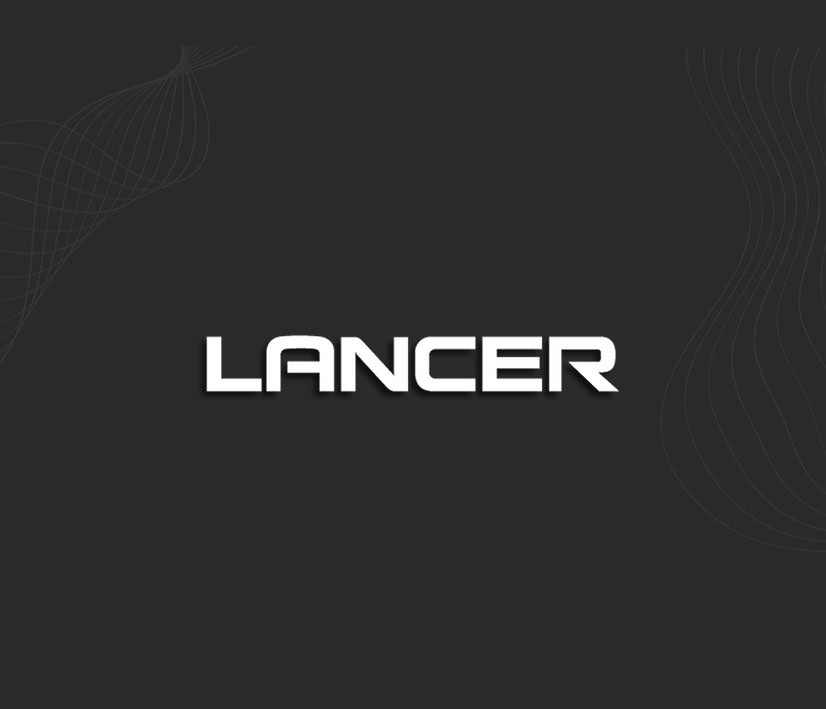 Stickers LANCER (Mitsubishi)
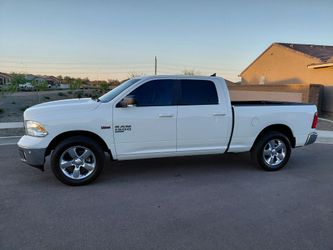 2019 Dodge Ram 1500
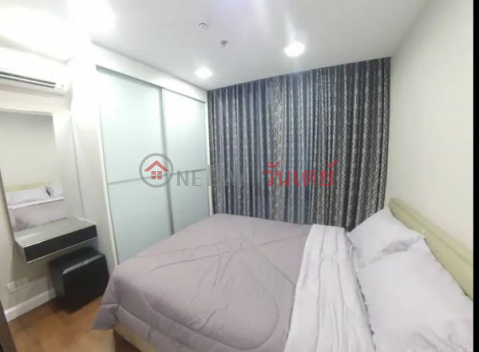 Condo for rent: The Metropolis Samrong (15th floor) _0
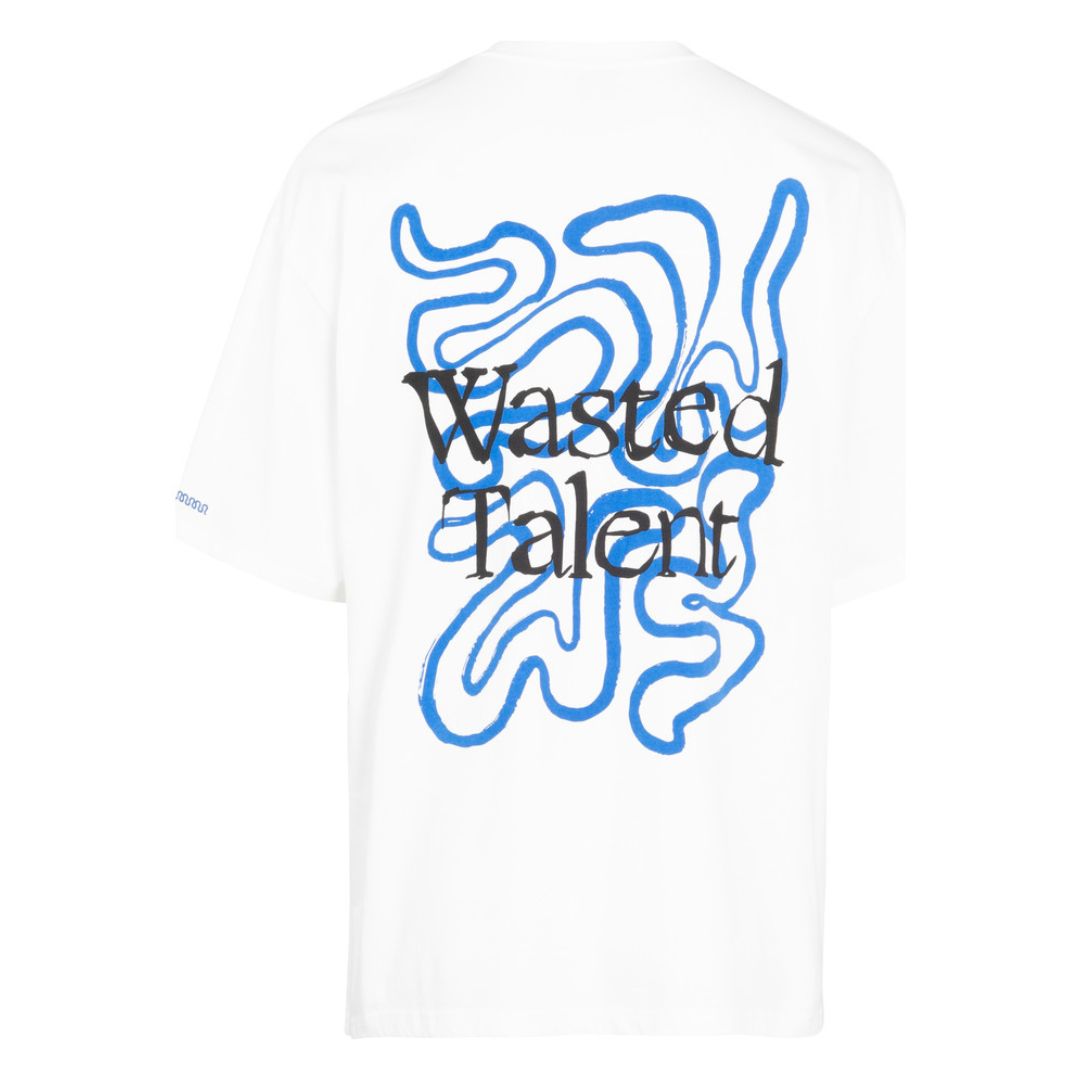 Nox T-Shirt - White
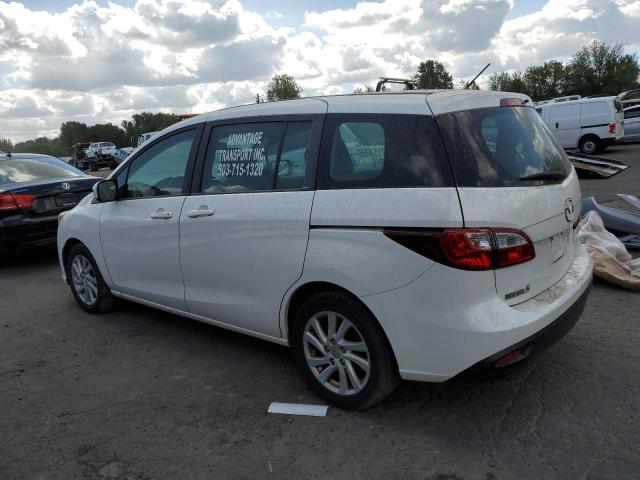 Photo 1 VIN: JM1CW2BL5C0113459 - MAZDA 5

WORK TO BE COMPLETED → Retype word for word all the material given above, and keep the pictures out.

EXERCISE SOLUTION →
 Stickers LANCER (Mitsubishi)
 2019 Dodge Ram 1500
 Condo for rent: The Metropolis Samrong (15th floor) _0
 Nox T-Shirt - White
 Photo 1 VIN: JM1CW2BL5C0113459 - MAZDA 5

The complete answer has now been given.